To get started with the Road Data Scraper, ensure Python 3.9 is installed on your machine. If you're using Anaconda or Miniconda, you can create a virtual environment with Python 3.9 using: conda create --name py39 python=3.9

  1. Clone the repository: git clone https://github.com/dombean/road_data_scraper.git
  2. Navigate into the cloned repository: cd road_data_scraper/
  3. Install the package in editable mode: pip install -e .
  4. Change directory into the package folder: cd src/road_data_scraper/
  5. Adjust the config.ini file according to your requirements
  6. Execute the script: python main.py or python3 main.py

Project Structure

The Road Data Scraper project has the following structure:

├── config.ini
├── main.py
├── setup.cfg
├── setup.py
├── pyproject.toml
├── api_main.py
├── Dockerfile
├── src
│ ├── road_data_scraper
│ │ ├── steps
│ │ │ ├── download.py
│ │ │ ├── file_handler.py
│ │ │ └── metadata.py
│ │ └── report
│ │ ├── report.py
│ │ └── road_data_report_template.ipynb
├── tests
├── requirements.txt
├── requirements_dev.txt
├── tox.ini
└── README.md

The project directory contains the following components:

  • config.ini: Configuration file for the Road Data Scraper pipeline.
  • main.py: Main script to run the Road Data Scraper pipeline.
  • setup.cfg & setup.py & pyproject.toml: Configuration file for the Python package.
  • api_main.py: Main script for running the Road Data Scraper as a FastAPI application.
  • Dockerfile: Dockerfile for building a Docker image of the Road Data Scraper.
  • src: Directory containing the source code of the Road Data Scraper.
    • road_data_scraper: Package directory.
      • steps: Module directory containing the main modules for data scraping.
        • download.py: Module for scraping data from the WebTRIS Highways England API.
        • file_handler.py: Module for handling files and directories in the data scraping process.
        • metadata.py: Module for generating metadata for the road traffic sensor data scraping pipeline.
      • report: Module directory for generating HTML reports.
        • report.py: Module for generating HTML reports based on a template Jupyter notebook.
        • road_data_report_template.ipynb: Template Jupyter notebook for generating the HTML report.
  • requirements.txt: File listing the required Python packages for the project.
  • requirements_dev.txt: File listing additional development-specific requirements for the project.
  • tox.ini: Configuration file for running tests using the Tox testing tool.
  • tests: Directory containing test files for the project.
  • README.md: Documentation file providing an overview and instructions for using the Road Data Scraper.

The main functionality of the Road Data Scraper resides in the src/road_data_scraper/steps directory, where the core modules for data scraping, file handling, metadata generation, and report generation are located.
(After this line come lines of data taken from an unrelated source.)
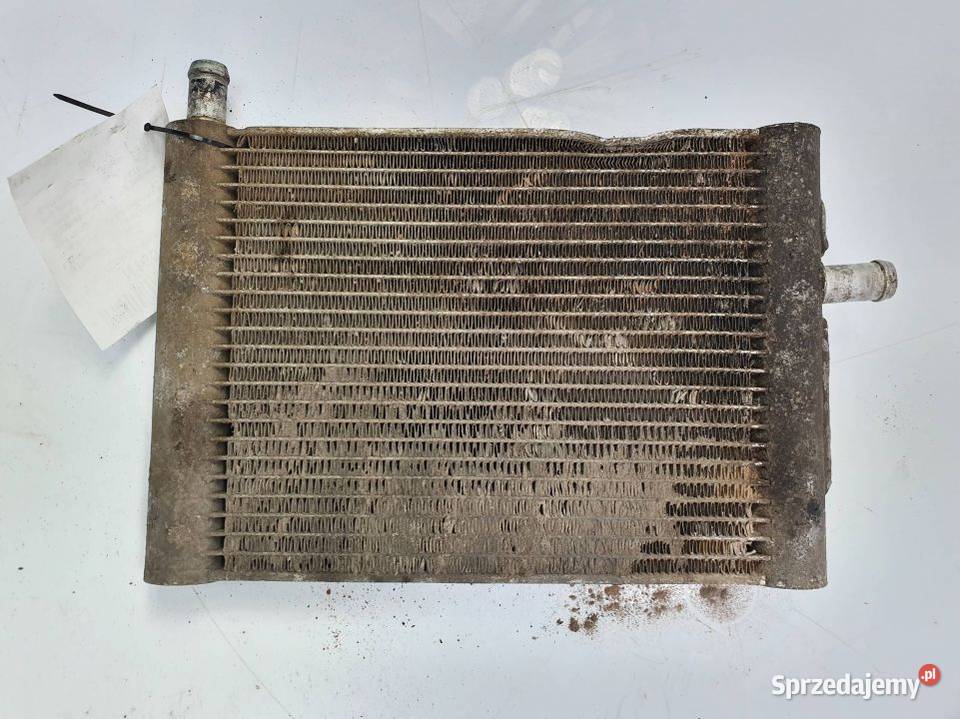 CHŁODNICA PALIWA LAND ROVER RANGE ROVER VOGUE Lipno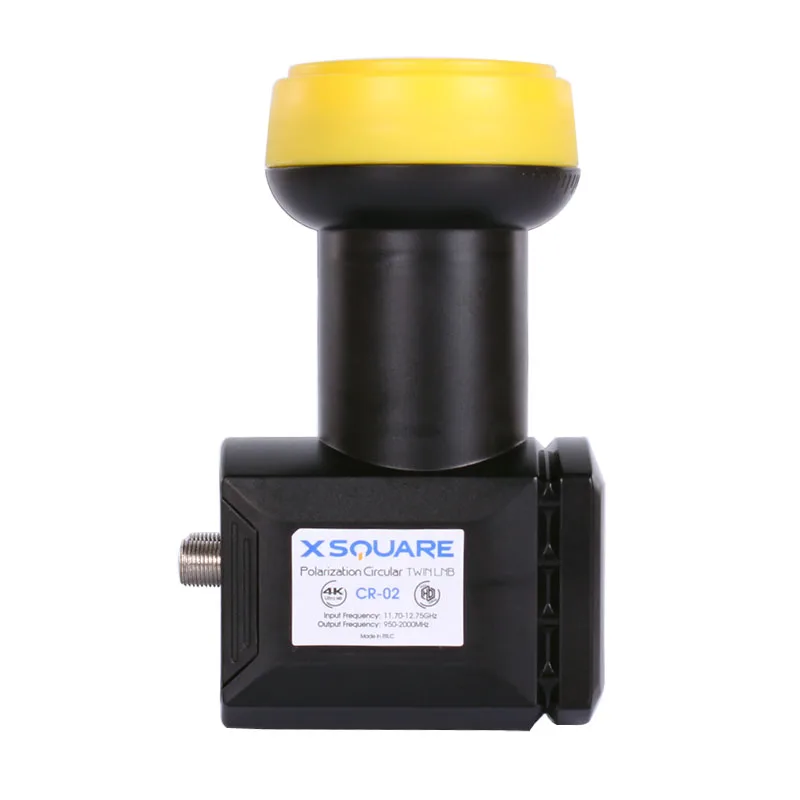  4K UHD  , 10.75GHz Ku  Ʈ LNB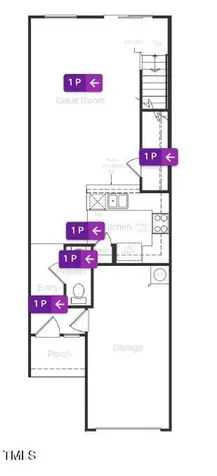 2018 Oakdale Drive Durham NC 27703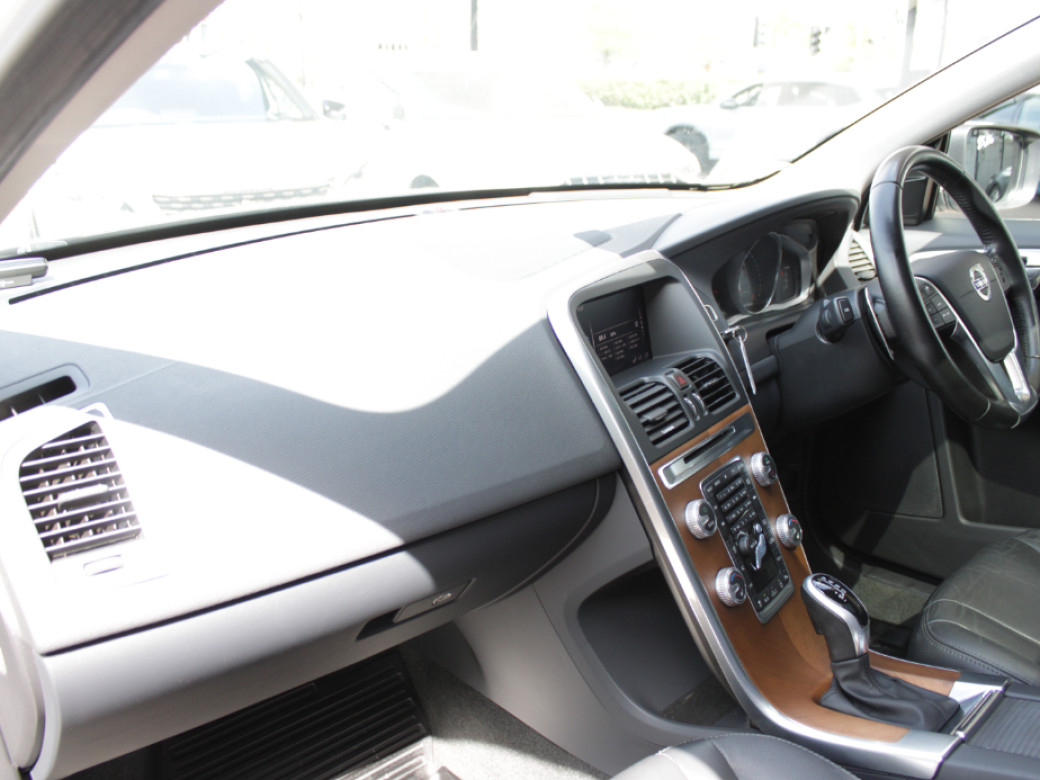 2017 Volvo XC60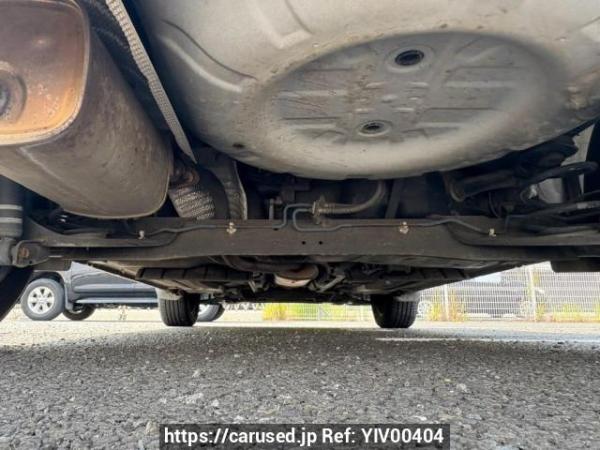 Used 2010 AT nissan juke YF15 Image[42]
The road_data_report_template.ipynb file, which serves as the template for generating HTML reports, is placed inside the src/road_data_scraper/report directory.

The additional component, Dockerfile, is located in the root directory. It is used for building a Docker image of the Road Data Scraper, allowing for easy deployment and containerization of the application.
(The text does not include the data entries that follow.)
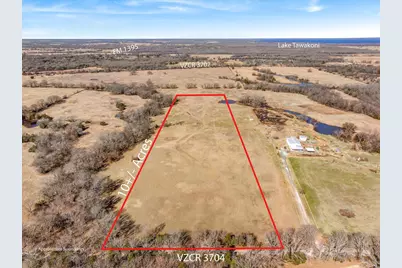 Tbd Vz County Road 3704, Wills Point, TX 75169 - Photo 1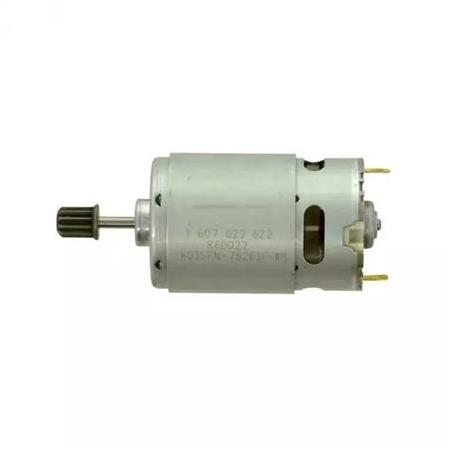 Bosch GDR 120-LI DC Motor 1 607 022 622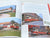 Morning Sun Baltimore & Washington Trolleys In Color by King ©2006 HC Book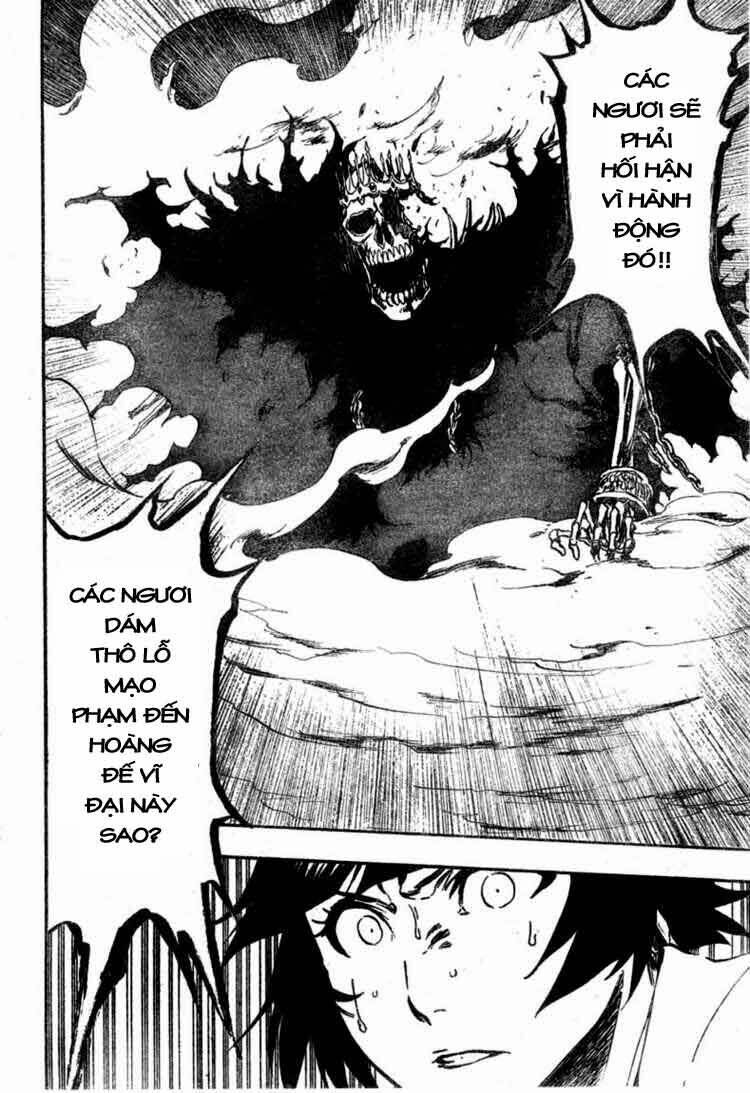thần chết ichigo chapter 370 6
Adjusting the Config File (config.ini)

There are several configurable options in the config.ini file:

  • start_date: Specify a start date in the format %Y-%m-%d, e.g, "2021-01-01".
  • end_date: Specify an end date in the format %Y-%m-%d, e.g, "2021-01-31".
  • test_run: Set to True for testing the pipeline (runs on a subset of available URLs) and False for a complete data download.
  • generate_report: Set to True to generate a HTML report showcasing the Active and Inactive IDs for each road sensor -- MIDAS, TMU, and TAME.
  • output_path: Provide a path to save the outputs generated by the Road Data Scraper Pipeline; for example, "/home/user/Documents/"
  • rm_dir: Set to True if you're using a Google Cloud VM Instance and you don't want to store the data on the VM (assuming you set gcp_storage=True).

Google Cloud (GCP) Storage Options

To save output data to a Google Cloud bucket, adjust the following settings:

  • gcp_storage: Set to True to save the data generated by the pipeline to a Google Cloud bucket.
  • gcp_credentials: Provide the path to your GCP credentials json file, e.g., "/home/user/gcp_credentials.json".
  • gcp_bucket_name: Provide the name of your GCP bucket, e.g., "road_data_scraper_bucket".
  • gcp_blob_name: Provide the name of the folder in the GCP bucket where you want the pipeline to save the data, e.g., "landing_zone".

Google Cloud VM Instance Setup

Follow the below steps to set up the Road Data Scraper on a Google Cloud VM instance:

  1. Login to Google Cloud Platform and click on Compute Engine in the left side-bar.

  2. Then, in the left side-bar, click on Marketplace and search for Ubuntu 20.04 LTS (Focal), then, click LAUNCH.

  3. Name the instance appropriately; click COMPUTE-OPTIMISED (note: leave the defaults -- 4 vCPU, 16 GB memory); under Firewall, click Allow HTTPS traffic; and finally CREATE the VM instance.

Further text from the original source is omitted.